Probablement conviendrait-il, à cet égard, de se livrer à un effort d'imagination sur le rôle de nos ambassades et de nos différentes implantations à l'étranger et, plus particulièrement dans les pays de l'Union Europénne, à l'échéance de quelques années . Au prix de cet effort, il semble envisageable d'adapter les dimensions de notre réseau à une contrainte budgétaire qui ne saurait se desserrer .

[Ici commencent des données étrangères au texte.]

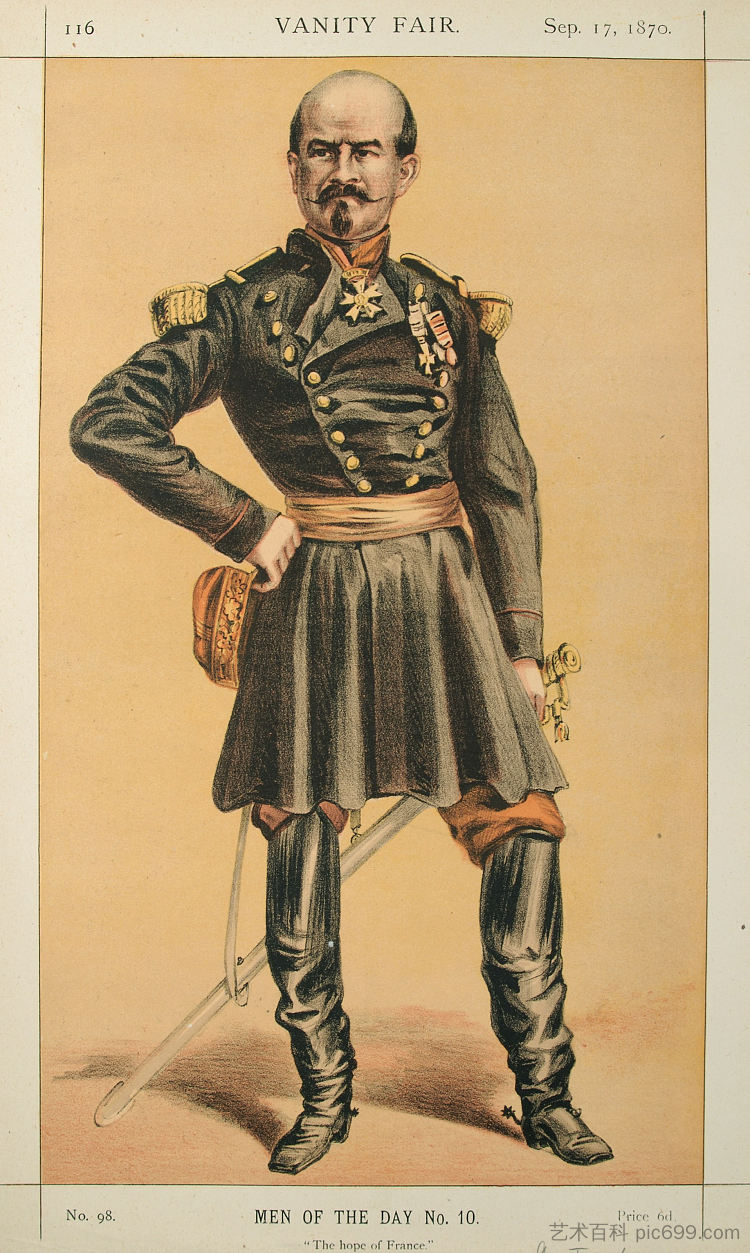 今日人物No.10° - 路易斯·朱尔斯·特罗丘将军的漫画 Men of the day No.10° - Caricature of General Louis Jules Trochu (1870)，詹姆斯·天梭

Deux évolutions pourraient être envisagées en Europe communautaire. Il pourrait s'agir, d'une part, de limiter l'implantation française aux capitales (qu'il s'agisse des postes d'expansion économique, des agences du Trésor, des postes diplomatiques et consulaires ou des centres culturels) : la suppression des consulats de Mons et de Florence va ainsi dans le bon sens. La réduction des distances liée au développement des moyens modernes de communication paraît autoriser, à terme, une telle évolution. D'autre part, il devrait être possible de revoir dans un sens minimal les missions des ambassades et des postes d'expansion économique dans les pays membres de l'Union européenne. Cette évolution, justifiée par les progrès de la construction européenne, permettrait de dégager moyens et effectifs non seulement pour renforcer notre présence (notamment diplomatique) dans les pays d'Amérique Latine et d'Asie qui constituent la « frontière » de notre diplomatie, mais aussi pour préserver les moyens devant, même en Europe communautaire, être consacrés aux activités consulaires.

En effet, l'activité consulaire connaît une croissance continue, illusrée par le doublement du nombre d'écritures comptables depuis dix ans. Il est très éclairant de relever que l'activité consulaire est plus forte dans l'Union européenne que dans le reste du monde, malgré la mise en place des mécanismes de Maastricht ou des accords de Schengen, qui ont pourtant entraîné une diminution d'activité dans le domaine de la protection sociale et en matière de délivrance de visas.

Les charges liées à l'administration des Français de l'étranger imposent donc que les moyens des sections consulaires fassent l'objet d'une attention particulière dans le contexte de la densification de notre réseau. Dans cette perspective, c'est sur l'évolution des missions et des effectifs impartis dans l'avenir, à nos ambassades et centres culturels français ainsi qu'à nos postes d'expansion économique en Europe occidentale, que pourrait porter un effort de réflexion particulier .

* 6 Celui-ci était constitué, au ler janvier 1996, de 150 ambassades, 112 postes consulaires, 60 sections consulaires d'ambassades, 17 représentations permanentes, auxquels s'ajoute un bureau à Berlin, soit 280 services à l'étranger.